Instructions for the task: Your output is to hold only the lines from the one showing "Mushy and Froggy | Tote Bag" through the end of the listing, exactly, with every picture excluded.

Exercise data:

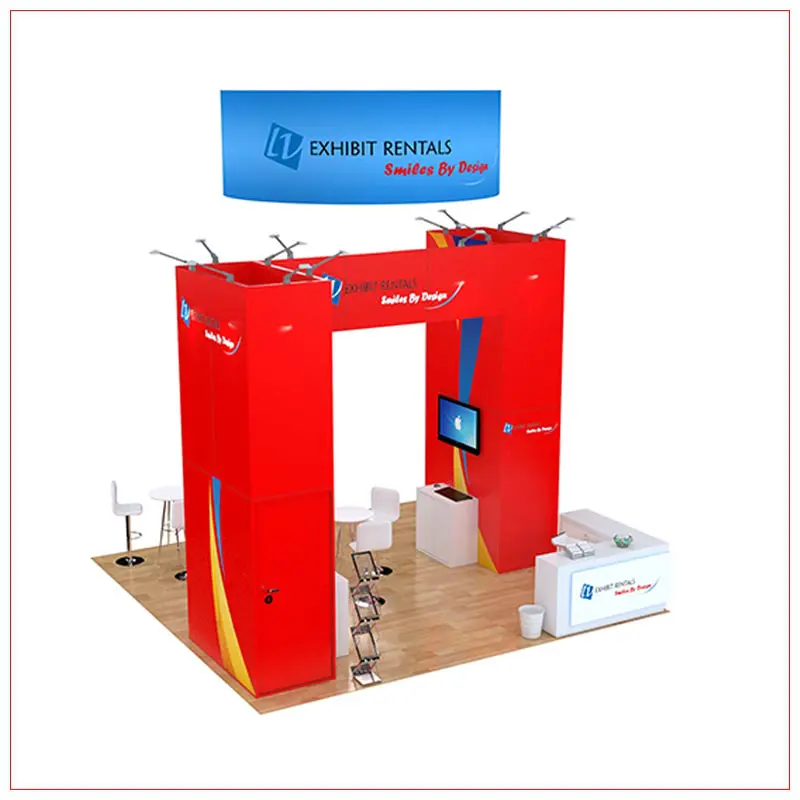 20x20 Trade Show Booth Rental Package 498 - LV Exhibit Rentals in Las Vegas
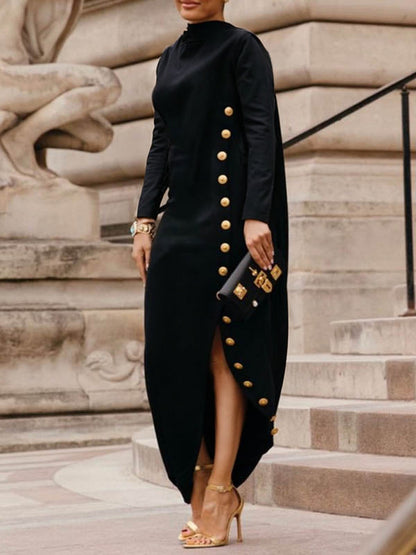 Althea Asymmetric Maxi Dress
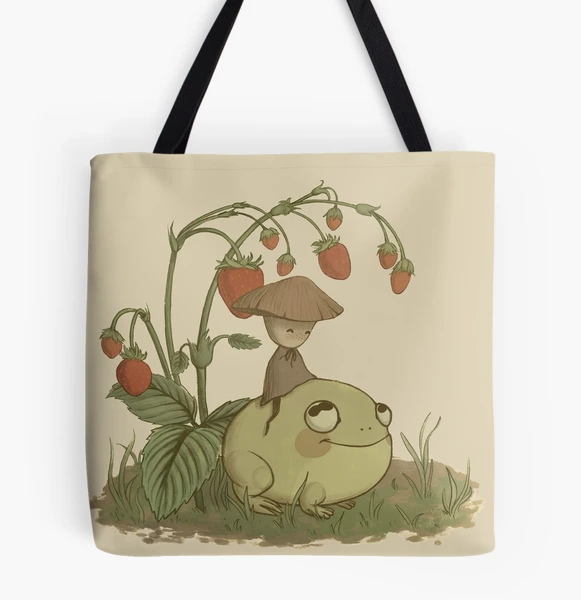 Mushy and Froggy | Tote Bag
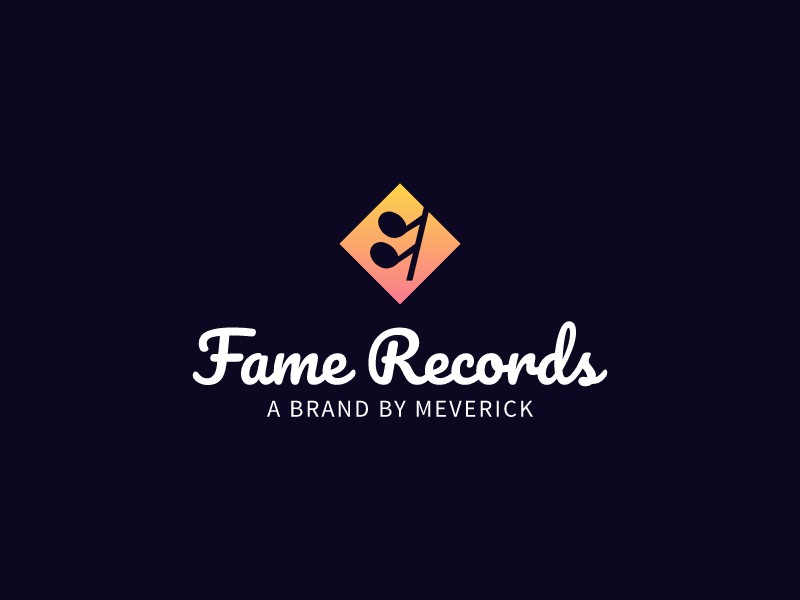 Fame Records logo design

Final answer:
 Mushy and Froggy | Tote Bag
 Fame Records logo design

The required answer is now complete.